The 10-member authorizing board has poured over three proposals from around the state, including a 288-page application from Reimagine Prep, an affiliate of Nashville-based RePublic Charter Schools. Reimagine, a nonprofit, would operate grades 5 through 8 and is eyeing property in south Jackson that New Horizons Church International owns.

Other proposed Mississippi schools include Phoenix Early College Charter School, in the Natchez-Adams School District, for grades 9 to 12 and Inspire Charter School STEM & ARTS Scholars Academy in Columbus.

Starting this week, the authorizing board will press principals of these organizations about the school's mission and academic philosophy, curriculum and extracurricular activities, its culture, how it will hire teachers and key personnel.

Other questions will center around perhaps the most confounding element of charter schools—how the schools make and spend money.

"We want to create partnerships with the community to create strong schools," Ravi Gupta, RePublic's founder and executive director, told a gathering at Koinonia Coffee House recently.

But the relationship between charter and public schools can be tense. The schools compete for students (charter schools use raffles, which Gupta said a respected local accounting firm will oversee for Reimagine) and, therefore, the per-pupil expenses that come from local, state and federal tax dollars. And when a child leaves a traditional public school and goes to a charter school, the money follows the child to the new school.

Information from the Mississippi Department of Education shows that Reimagine would open its school with $400,000 in private seed funding for the 2015-2016 school year; it would draw another $275,000 in private money in the first and second years of operation.

After five years, Reimagine projects school's revenues will grow tenfold to 
$4.4 million.

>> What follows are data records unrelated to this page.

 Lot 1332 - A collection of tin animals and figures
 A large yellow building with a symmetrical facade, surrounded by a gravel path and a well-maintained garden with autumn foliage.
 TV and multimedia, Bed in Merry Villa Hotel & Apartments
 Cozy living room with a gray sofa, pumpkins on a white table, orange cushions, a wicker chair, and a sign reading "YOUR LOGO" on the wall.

At the same time, the school's fund balance—revenues minus expenditures—will go from $20,597 the first year to $656,279.

A Staten Island, N.Y., native, Gupta told the Jackson Free Press the revenue growth will result from scaling up the school, which plans to start with 5th grade and add one grade per year until grade 8.

"In the beginning, we're hemorrhaging (money) because we have one principal with one grade, one director of operations with one grade. Over time, you end up catching up with the size of the institution and that's where the fund balance gets better," Gupta said.

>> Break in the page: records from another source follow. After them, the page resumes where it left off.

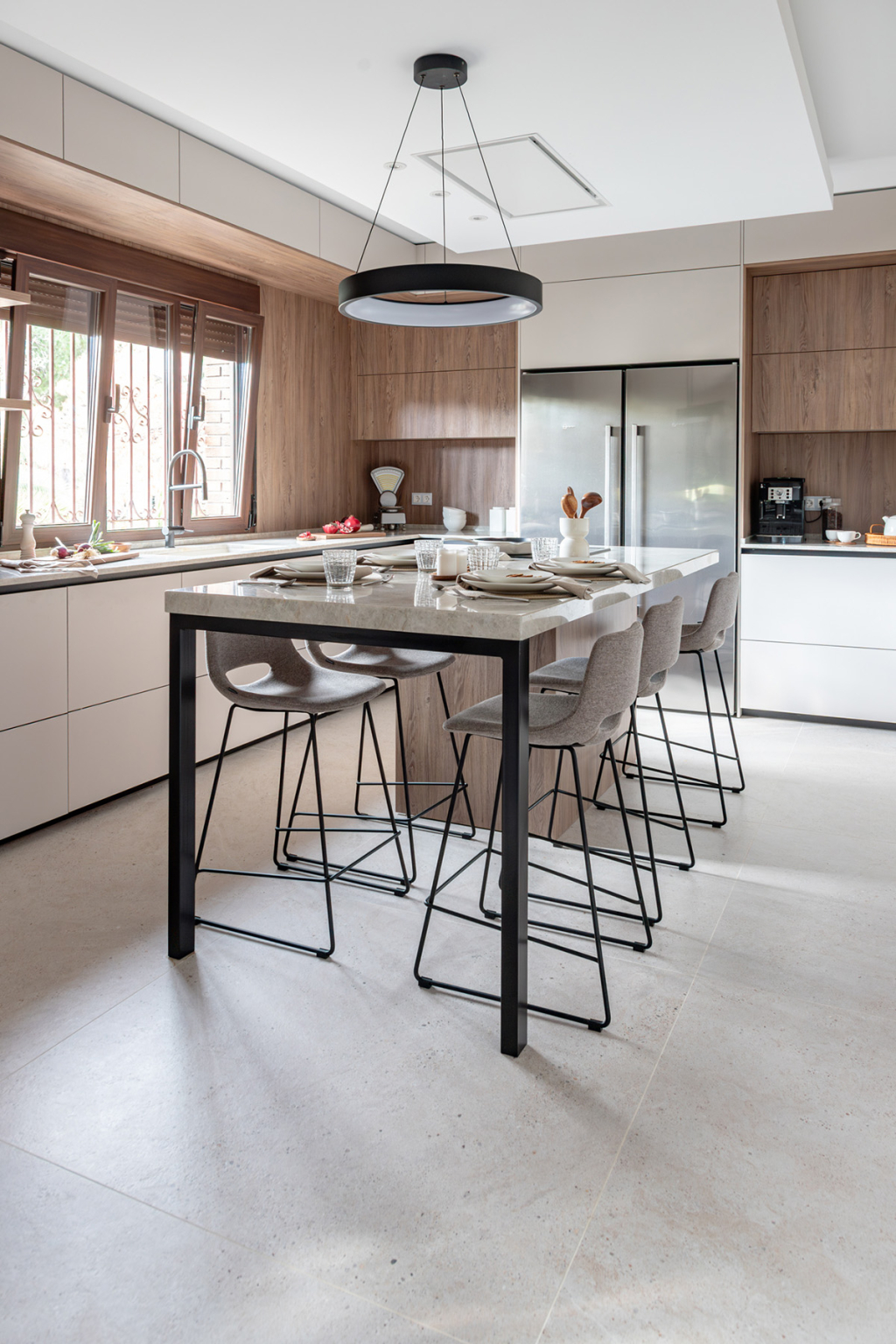 Barra con taburetes en una cocina Cashmere y nogal con isla diseñada por Santos Vaguada.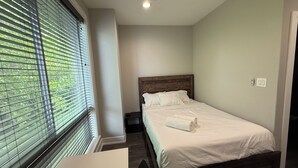 Um quarto com cama, mesa de cabeceira, ventilador de teto e janela com persianas.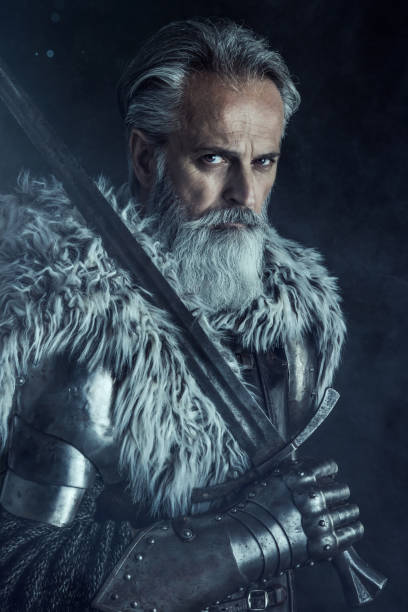 istock Senior knight  wearing traditional clothes with sword 1158766016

Gupta, who is listed as Nashville Prep's executive director and draws a salary of $39,716, according to the school's IRS tax forms, said RePublic's schools try to keep fund balances low.

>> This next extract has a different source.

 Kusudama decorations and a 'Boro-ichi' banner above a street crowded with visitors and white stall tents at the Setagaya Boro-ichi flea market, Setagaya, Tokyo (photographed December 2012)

If the fund balance exceeds more than two months of cash the schools need to operate, Gupta said it can go into reserves, facilities maintenance, hiring staff or into a rainy day fund, "which in a state like Mississippi is not a bad idea based on the fluctuation that could happen given the MAEP (Mississippi Adequate Education Program) discussion."

MAEP, the roadmap for the minimum funding schools need from the state and that makes up approximately 50 percent of public schools' funding, has only been funded twice since 1997 and is currently about $1.2 billion in the red. JPS alone is expected to experience MAEP underfunding of $17.2 million during the 2013-2014 school year, which follows underfunding of around $15 million each of the previous three years. In that time period, JPS was forced to eliminate 90 positions, 50 of which were teachers.

Joyce Helmick, president of the Mississippi Association of Educators, said her group is not opposed to high-quality charter schools. (She has not evaluated the pending Mississippi applications).

"We have a problem with our public money leaving our public schools and going to charter schools. Every penny that leaves (public schools), creates a bigger gap," Helmick said.

Reimagine's $4.4 million in revenues five years from now represents just 2 percent of JPS's current year's budget of 
$199 million, but public-school boosters say any money that goes to charter schools would make it more difficult for JPS to pay its bills, particularly fixed costs, such as utilities and maintenance, that have to be paid regardless of how many kids show up for school.

"Schools still have to operate a building whether there are 200 kids or 150. When you remove those funds, it makes it more difficult to do that," Helmick said.

Gupta acknowledged that such arguments had merit, especially in the context of the "deep distrust" that resulted from the passage of Mississippi's charter-school law, which came after years of legislative trial and failure, in 2013.

Supporters argue that charter schools are an additional tool to help schoolchildren get out of failing schools when they cannot afford private-school education.

Still others contend that the competition charter schools pose would force low-performing public schools to improve to keep students. (Gupta stressed that he is not an "zealot" of the competition argument.)

Public-school advocates say they might be more welcoming of charter schools if the Legislature committed to fully funding MAEP as zealously as lawmakers pushed charter schools for all those years.

Helmick is hopeful that as a statewide election year, 2015 could be MAEP's first shot in a long time (the only other times the formula received full funding were also election years).

"We're hoping lawmakers see that cutting funds is hurting our communities. It's hurting our schools, our communities and it's hurting our state as a whole," Helmick said.